‘The woes of painters!’ lamented Edward Lear in a letter to a friend in 1862. Earlier that day, he was pottering around his apartment in Corfu Town, when, glancing out of the window, he spotted a troop of soldiers marching past. One of them, a certain Colonel Bruce, spied Lear and saluted. At which, forgetting he had a clutch of paint- brushes in his hand, Lear saluted back — ‘& thereby transferred all my colours into my hair and whiskers, which I must now wash in turpentine or shave off’. As a cameo, it sums him up. In that age of pomp and protocol, he always had (or felt he did) paint in his bushy beard.
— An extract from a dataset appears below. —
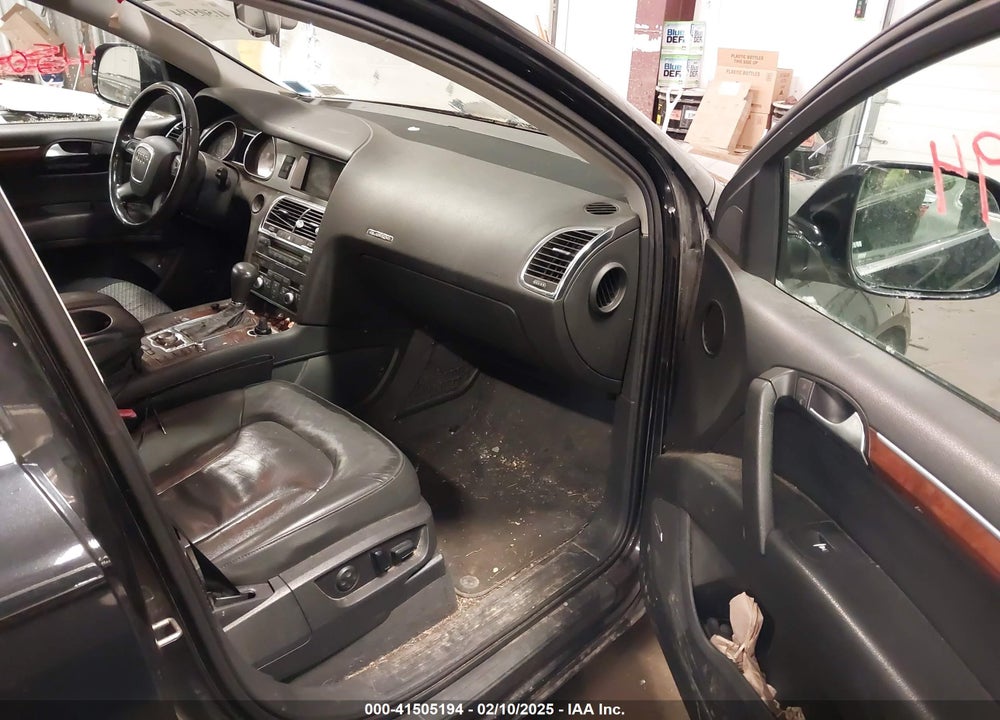 2008 AUDI Q7 3.6 PREMIUM VIN: WA1BY74L78D044056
Edward Lear could hardly have chosen a worse time to live than the Victorian era, or a better place to lurk than this island of Corfu off the north-west tip of Greece. Corfu was (and is) beautiful; a painter’s dream. And now, for those who get the chance to see it, there’s a fine exhibition of Lear’s work on at the Palace of St Michael and St George, at one end of Corfu Town’s esplanade. The show marks the bicentenary of Lear’s birth, and Corfu grandees have made a point of going along to help celebrate.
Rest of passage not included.